I pantani, infatti, oltre ad essere un Sic (Sito di importanza comunitaria) con relativi vincoli di carattere ambientale e paesaggistico, sono anche un’area agricola. Il municipio dovrà cambiare destinazione d’uso, trasformando il tutto in un zona di servizi pubblici, con esproprio di terreni da almeno venti proprietari diversi. Un’impresa non semplicissima, e infatti sono già tanti i cittadini che hanno deciso di procurarsi un avvocato per difendere le proprie terre: battaglie del genere possono durare potenzialmente anche decenni.

Il percorso però ormai è tracciato, e non solo a livello burocratico. Quattrocento metri di asfalto sono già stati posati per creare una strada utile ad arrivare più agevolmente all’hotel: questa spianata ha di fatto cancellato un tratto del cosiddetto «sentiero Italia», tracciato piuttosto noto tra i camminatori e gli escursionisti dell’Appennino.

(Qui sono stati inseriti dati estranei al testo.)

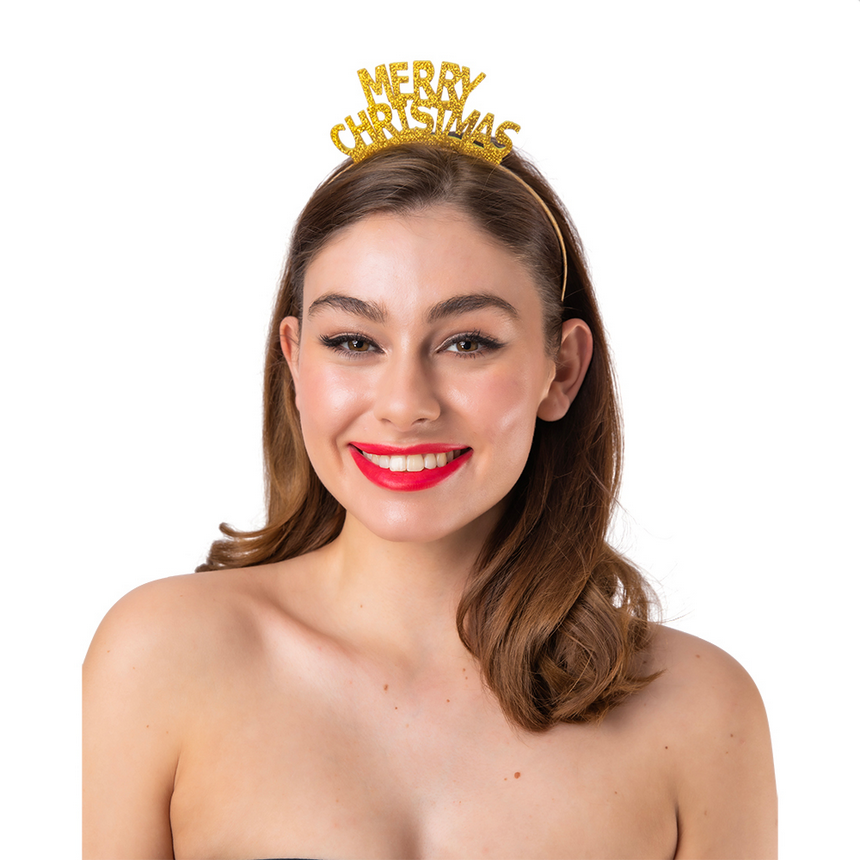 Die Cut Headband Adults Christmas Glitter Headband Fancy Dress Xmas Party Prop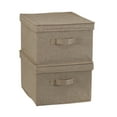 thumbnail image 5 of Household Essentials Large Fabric Storage Bins 2 Pack, Soft Poly Linen with Sturdy Sides, Attached Handle and Fully Removable Lid, Brown, 5 of 8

Sabato scorso, dietro a uno striscione con l’eloquente scritta «Giù le mani dai pantani», in centinaia hanno raggiunto i laghetti, là dove si vorrebbe costruire il maxi-rifugio.

Ad aderire alla manifestazione sono state decine di sigle: dal Club Alpino Italiano alla Legambiente, dal Wwf ai collettivi Terre in Moto e Caciara, fino alle Brigate di Soldiarietà Attiva e vari gruppi di appassionati di montagna.

«Tutti insieme stiamo procedendo per costruire un’opposizione legale più forte possibile – dicono dal collettivo Emidio di Treviri -, per utilizzare carte bollate e ricorsi contro l’ipotesi hotel. Allo stesso tempo in molti sono all’opera per disegnare una controproposta solida affinché quelle risorse pubbliche vengano spese a favore delle comunità accumolesi invece che per distruggere un patrimonio socio-ambientale».

Il rischio, oltretutto, è che il progetto si riveli un flop: sono diversi gli esempi di rifugi che giacciono inutilizzati da ben prima del sisma.

«Già esiste un rifugio, prossimo a Forca Canapine, ovvero a poco meno di un’ora di cammino dai pantani, ed è abbandonato – spiegano quelli del Cai –. Potrebbe essere rimesso in funzione senza necessità di costruirne un altro. Il fallimento della scelta di realizzare un rifugio avulso da qualsiasi contesto, come sarebbe quello dei pantani, è già stato sperimentato in passato dal Comune di Accumoli, che ne aveva costruito uno in località Poggio d’Api: mai utilizzato perché nessuno ha ritenuto economicamente praticabile la sua gestione».

Alla zona dei pantani si arriva per sentieri attraverso i boschi dal versante marchigiano e soltanto con il trattore da quello laziale. Sin qui, la gestione è stata portata avanti attraverso il diritto all’uso civico, ovvero una gestione collettiva dei beni da parte della comunità di Accumoli: si tratta, a conti fatti, di una delle ultime difese reali per i sistemi ecologici complessi.

Con la costruzione dell’albergo, tutto questo finirebbe nel nome del rilancio turistico delle zone terremotate. Un’idea che affascina ogni amministrazione ma che sin qui è sempre rimasta un’astrazione da comizio, mentre sono migliaia le persone che non rientrano a casa dalla notte del sisma, il 24 agosto del 2016. Quando la storia di chi vive sull’Appennino si è fermata e non è più ripartita.